L’arte ha sempre necessitato di coraggio e passione per non diventare asettica e mediocre. Potremmo menzionare diverse donne, artisti coraggiose, ma se parliamo di queste qualità unite alla sfrontatezza tutto si concentra in un’unica figura: quella di Frida Kahlo. Una pittrice audace, dallo spirito libero e passionale. Una vita breve, ma ricchissima, una grande abilità nel trasformare il dolore in arte, una capacità di saper contare le emozioni. Nonostante le sofferenze fisiche e morali Frida non ha mai sopravvissuto, ma ha vissuto.

Nata a Coyoacán nel 1907  e considerata una delle più importanti pittrici messicane, viene spesso annoverata tra gli artisti legati al surrealismo, legame in realtà mai confermato. Determinata, tenace e appassionata, con un grande talento artistico riconosciuto sin da bambina, deve confrontarsi con una salute alquanto cagionevole. Un’errata diagnosi medica, che scambia la spina bifida che realmente la affligge con poliomielite, non le permette di essere curata adeguatamente. Nel 1925 mentre torna a casa da scuola, viene coinvolta in un gravissimo incidente: frattura multipla della spina dorsale, di molte vertebre e del bacino; incidente che la costringe all’immobilità per 8 mesi e le costerà ben 32 interventi in tutta la sua esistenza.

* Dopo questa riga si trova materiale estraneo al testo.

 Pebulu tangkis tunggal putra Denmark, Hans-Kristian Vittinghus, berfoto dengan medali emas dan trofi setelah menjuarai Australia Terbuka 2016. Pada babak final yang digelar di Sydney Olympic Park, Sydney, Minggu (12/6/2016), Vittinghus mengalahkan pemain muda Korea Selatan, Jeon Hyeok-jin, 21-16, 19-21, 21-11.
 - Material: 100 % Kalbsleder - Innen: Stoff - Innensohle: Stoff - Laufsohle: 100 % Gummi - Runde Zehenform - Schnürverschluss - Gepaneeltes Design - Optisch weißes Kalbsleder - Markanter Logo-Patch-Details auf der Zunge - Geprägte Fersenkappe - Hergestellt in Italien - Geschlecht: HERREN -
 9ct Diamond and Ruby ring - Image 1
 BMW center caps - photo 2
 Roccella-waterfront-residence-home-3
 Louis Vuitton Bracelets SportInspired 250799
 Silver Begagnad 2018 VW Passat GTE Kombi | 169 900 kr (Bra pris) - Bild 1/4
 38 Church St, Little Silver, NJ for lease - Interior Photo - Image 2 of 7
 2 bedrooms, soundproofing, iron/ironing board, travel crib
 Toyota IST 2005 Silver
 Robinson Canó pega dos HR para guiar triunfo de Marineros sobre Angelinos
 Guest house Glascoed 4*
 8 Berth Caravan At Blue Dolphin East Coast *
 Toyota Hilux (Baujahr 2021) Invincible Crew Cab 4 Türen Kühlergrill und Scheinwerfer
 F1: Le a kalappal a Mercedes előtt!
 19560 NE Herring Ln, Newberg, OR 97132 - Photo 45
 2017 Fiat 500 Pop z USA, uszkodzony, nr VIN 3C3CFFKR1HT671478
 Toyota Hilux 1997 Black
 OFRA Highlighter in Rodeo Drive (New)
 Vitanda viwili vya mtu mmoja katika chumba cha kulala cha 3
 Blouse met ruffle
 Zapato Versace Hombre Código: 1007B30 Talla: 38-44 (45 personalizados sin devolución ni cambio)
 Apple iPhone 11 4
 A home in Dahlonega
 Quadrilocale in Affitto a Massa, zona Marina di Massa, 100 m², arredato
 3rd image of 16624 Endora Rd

È giovanissima Frida, non ha nemmeno 18 anni e durante questi mesi di costrizione a letto i suoi genitori le regalano colori e pennelli per aiutarla a trascorrere le lunghe giornate. Questo gesto segna l’inizio di una grande e importante carriera. La prima opera di Frida è un autoritratto (a cui ne seguiranno molti altri) che dona ad un ragazzo di cui è innamorata. I genitori felici della sua passione, incoraggiano questa attività, facendo piazzare uno specchio sul soffitto in maniera tale che Frida possa ritrarsi: è questo il motivo per cui esistono tanti autoritratti della pittrice.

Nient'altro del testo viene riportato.